The decision may be up to Davis. Unless he plans to stay in Charlotte he may want to get on the field and prove he is healthy going into his contract talks this off season. 

Sucks that Connor is out for the year he seems to be snake bitten by injuries but in my opinion he was playing pretty well today.

Only good thing about this season is we are so bad I won't over pay for tickets and refreshments at games this season b/c I won't pay to watch this garbage.


----------



## nutmeged3 (Apr 11, 2005)

Otah out for the year now too? Not like we've seen him at all but I don't know if I am even ready for how bad were going to be in this 2nd half.


----------



## JonMatrix (Apr 8, 2003)

Sad, sad year. This team might go 1-15. They badly need a game breaking receiver...maybe they can draft AJ Green out of Georgia.


----------



## bball2223 (Jul 21, 2006)

Clausen hasn't been good, but get that boy some help. He is working with nothing.


----------



## ATLien (Jun 18, 2002)

If they draft Green they need to look at signing a veteran QB for whenever the hell the next NFL regular season is. Clausen & Moore are losers.

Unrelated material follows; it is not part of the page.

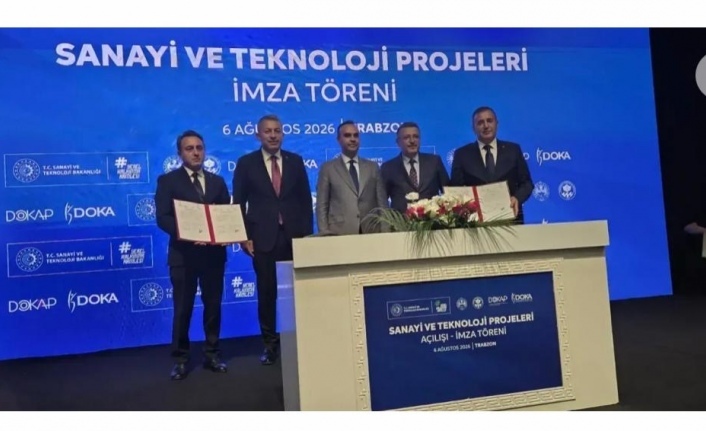 Bakan Kacır Trabzon’da Konuştu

On SportsCenter this morning McShay had Green falling to Cleveland at 10.


----------



## Diable (Apr 26, 2005)

Moore was a good qb last year, he almost got us into the playoffs. This year he's been bad, but then our entire offense has disintegrated. Otah is a really fine OT, but there's no way his absense explains our complete failure to block anyone this year. We haven't been able to run the ball after having 2 thousand yard rushers last year. Our receivers are all rookies except for Smitty and you can cover one guy, especially if the qb isn't getting protection. Clausen I am really sour on for now,but he has had some moments when he looked like he might be mediocre at some future date.


----------



## nutmeged3 (Apr 11, 2005)

I think I'd rather go after a veteran receiver then draft another one. We got some talented rookies we just need a little bit more of a foundation. I hated the Clausen pick when we got him but he grew on me over the summer. Now I would guess he's got 8 games to prove he's the right QB for whoever the hell is our coach next season. Doesn't help that our number 1 receiver doesn't seem to like him either.


----------



## Diable (Apr 26, 2005)

Clausen has made some nice throws today. If our run defense wasn't getting crushed maybe we'd have a chance


----------



## Diable (Apr 26, 2005)

DeAngelo is going to the IR so he's not going to be back this season. Clausen sat out practice with a concussion...I am sitting here wondering if we should take Cam Newton in the draft anyway. We need just about everything, but if we can get a legit QB I think we should go for it. 

Of course you wonder if the Richardsons would be willing to draft him unless there's a rookie pay scale. I'd be seriously reluctant to take a guy who's going to become one of the highest paid players in the league without proving that he can stick in the NFL.


----------



## ATLien (Jun 18, 2002)

Whaaat, no way I give that much money to a spread QB.


----------



## nutmeged3 (Apr 11, 2005)

Clausen actually looked decent against Tampa Bay but I think that was mainly due to us actually having a running game for the first time all season. I think whoever we draft depends on what coach we end up getting. Offensive coach were probably looking at QB or OL, defensive coach we'll probably go DT. 

Say we go Harbaugh from Standford I think it's probably a lock we take Luck if he's there. Then again we pretty much have the #1 pick to lose with as hard of a schedule we got left.


----------



## Diable (Apr 26, 2005)

I was assuming that the Bills would take Luck. If we get the top pick we could take him as well. I would have absolutely no qualms about taking Newton though. Playing in the spread isn't a big deal. The Saints play the spread and every team in the league uses it at least a little. . I love Newton's arm and since our line isn't very good it doesn't bother me that he is a big strong dude who can get away from defender.

Of course the Richardsons are not going to want to give any qb the sort of money that they get when they're a top pick. It just isn't how they roll and I don't blame them when it comes to paying rookies that sort of money.


----------